Curator Sarah Campbell talks about what's available in the Museum and Study Collection

The Museum & Study Collection houses more than 25,000 objects on 1,000 metres of shelving. We also have a comfortable study room where visitors can engage with our fascinating collections. With such a broad range of material there's something to interest everyone and we welcome visitors from both within and outside the university.

Current students: you are welcome to book an individual study room visit to see the collection. Please try to do this a week in advance. You can also browse our online catalogue at

Head of Museum Judy Willcocks talks about the Collection

The history

The museum was set up in the 1890s, in a world before the Internet or even decent colour reproductive photography, so the only way to show students how amazing some objects were was to have them for real.

In the late 1800s and early 1900s the college had a budget to buy things it thought would be good for students to see and the resulting collection is like a mini V&A with early printed books and manuscripts, Japanese wood engravings, embroideries, textiles... Like lots of art schools we were buying these to show students what the best, most innovative, forward thinking designers were doing.

That’s what we continue to do today, but now we don’t buy work by just anyone, we focus on staff, students and alumni. We buy work from the degree shows, and sometimes we buy work retrospectively as well.

Teaching the students

We do exhibitions in the Lethaby Gallery and we have a display window on the Street. We’re constantly curating new exhibitions and often we work with students to create the displays. It’s an opportunity for students to see things from the collection but also to learn about curating and object handling.

We have a good searchable online catalogue, loads of images and information that students can look up. The point of a teaching collection is to teach through object handling. That means you have to be a bit more proactive as a student and book an appointment, but it also means you have access to some pretty amazing or rare material.

For me object based learning is a very special thing. Lots of research suggests that creative peoples learn through doing activities, looking, touching… it’s can be easier to get things by handling them than by sitting in a lecture theatre listening to a speaker.

Building the Collection

I do not, generally, pick the work that we buy from degree shows. The collection covers every subject taught here, so there is no way I could be a specialist in all of those. I can go to degree shows and spot things that I think are interesting but I leave it to Course Leaders and Deans to decide what we buy.

What’s interesting is that you get waves of stuff coming into the collection. For example, when the college got a laser cutter, suddenly everything was laser cut, no matter what course the students were coming from. And now of course it’s 3D printing.
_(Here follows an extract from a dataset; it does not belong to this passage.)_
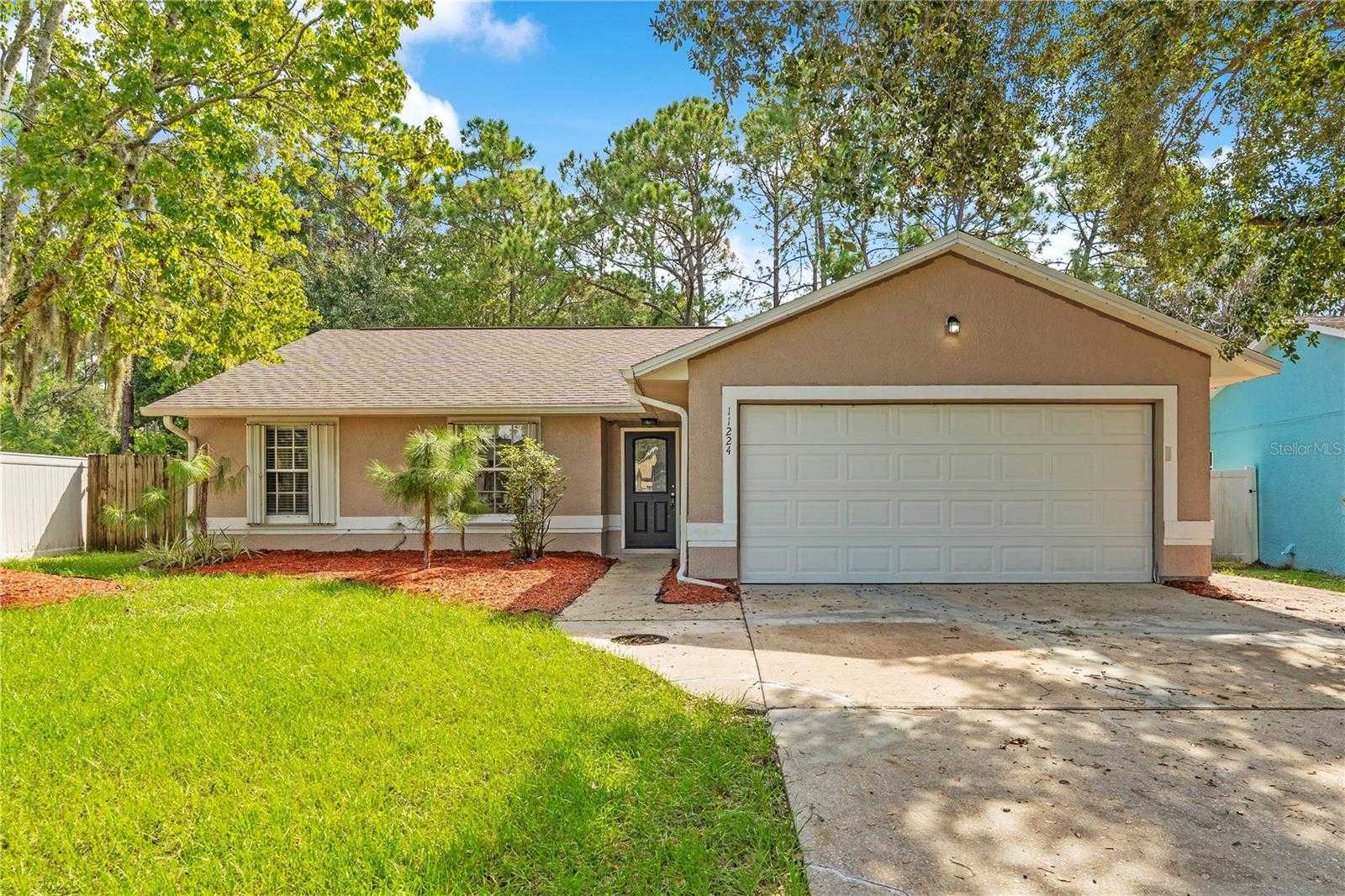 11224 CYPRESS LEAF DRIVE Orlando Florida United States, for Sale, residential,  , Success Home Sales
I know lots about the context of objects and how they came to be in the collection and why they are an important part of the design history, but often students coming in have a greater understanding of the way the object is made. Interacting with students here is more about sharing knowledge than me doing all the teaching.

Student projects

Some projects we do are based on very loose briefs: I will share some interesting objects from the collection with the students, and then they go away and create a work of art inspired by what they have seen.

We also get students who book an appointment with the collections for a specific reason. We have a very good textiles collection, and we’ve got some fabulous examples of soothe design process so students come and interact with that.

And then there are bigger, more formal projects with students. At the moment I’m working with Fashion Communication and Fashion Journalism students who are curating the museum’s display window. I could curate the window myself, but I really wanted the students to have an opportunity to use their imagination and learn new skills.

My starting point for doing an exhibition can be a bit pedestrian – thinking more about time and budget than a flight of fancy. If you get a team of people in their early 20s who are spending all day, every day, thinking creatively, they immediately come up with amazing ideas. When the students pitched their ideas I was really proud of the research they’d done and the concepts they’d dreamed up. Now I’m working with a ‘winning’ team to do the window for real.

Judy’s favourite objects

I love some of the older stuff, because it is such a privilege to have it here: the illuminated manuscripts, the early printed books, and we have an amazing Portolan chart by Giorgio Sideri from 1570.

And I have a drawer full of William Morris wallpaper samples I go to when I’m having a down day: nothing is so bad that you cannot be cheered up by a drawer full of William Morris’ samples.

And because we buy work from the degree shows every year, for me, it is amazing to see how new technologies sweep through. People like Maria Katrantzou using digital printing. We have a dress that was purchased from her degree show, back when digital printing was still quite expensive and special, and for me that’s a marker in time.